こうして当社で働いてみて、成熟した企業でないからこその、やりやすさを実感しています。裁量があり、仕事の範囲をここまでと決めずにとことんやれるので、思った以上にやりがいがあるのです。密度の濃い時間を過ごせていて、まだ半年しか経っていなかったかとあらためて思いますね。

石田:それは良かった。こちらの事業は会社として非常に重要な位置づけで、鈴木さんの活躍には満足しています。これから推進していくなかで、鈴木さんをサポートできる人材もどんどん採用したいですね。今は事業の型を作る段階から次に進むフェーズなので、手を動かせる人が欲しいです。

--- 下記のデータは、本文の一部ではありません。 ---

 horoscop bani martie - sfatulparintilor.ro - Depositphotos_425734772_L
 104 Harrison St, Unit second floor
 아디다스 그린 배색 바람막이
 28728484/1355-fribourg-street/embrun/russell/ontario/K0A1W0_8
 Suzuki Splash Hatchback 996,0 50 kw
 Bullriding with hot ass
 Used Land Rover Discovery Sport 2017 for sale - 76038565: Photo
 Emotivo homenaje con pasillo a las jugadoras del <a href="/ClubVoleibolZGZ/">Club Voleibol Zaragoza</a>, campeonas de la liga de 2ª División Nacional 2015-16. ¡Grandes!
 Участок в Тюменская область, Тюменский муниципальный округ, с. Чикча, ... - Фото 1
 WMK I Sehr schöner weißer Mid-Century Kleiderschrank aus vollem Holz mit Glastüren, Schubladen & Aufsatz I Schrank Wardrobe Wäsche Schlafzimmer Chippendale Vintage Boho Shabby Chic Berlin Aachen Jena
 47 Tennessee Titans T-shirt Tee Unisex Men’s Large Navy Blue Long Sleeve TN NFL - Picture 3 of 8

そのときに、鈴木さんが一緒に働きたいと思うのはどのような人ですか。

鈴木:なんでも貪欲に吸収し、それを実用化させていきたいので、やりきる気概のある方とご一緒したいです。この仕事に向いているのは、考えすぎず、悩まずにとにかくチャレンジしてみようというタイプ。まずやってみてダメだったら修正するといった、楽天的な人がマッチすると思います。エンジニアは元来、職人気質でコツコツタイプが多いものですが、マインド的にもぴったりな人と一緒に働きたいですね。

ハードウェアとローカルの知見を武器に、AIやデータで事業の新機軸を切り拓く

では次に、石田社長が考えられている、全社での今後の事業計画をお聞かせください。

石田:大きな流れは、ハードウェアとソフトウェアを融合して新たな価値提供をしていくことです。自社でAIを開発し、ソフトウェアを作れても、ハードウェアまでしっかりと手がけられる会社というのは多くありません。50cmの箱を作るだけでなく、50mの製造ラインへの組み込み、実装までできるのが当社です。なかでも、一次産業と二次産業の結節点で価値を提供するような独自の展開に注力していきます。さらにソフトウェアは横展開もしやすいので、その業種・地域で同じ課題を抱えている産業に当社のプロダクトでDXをもたらし、産業構造の変革につなげられれば大きい。それも視野に入れています。
もう1つ目指すのは、その「ハードウェア×AI」の取り組みのなかで得られるデータの価値化です。たとえばカツオを漁獲して、漁場や水温などの条件とカツオの新鮮さ、脂のりといった品質の相関関係が分析できれば、資源管理につながるなど、データによる新たな付加価値を提供できます。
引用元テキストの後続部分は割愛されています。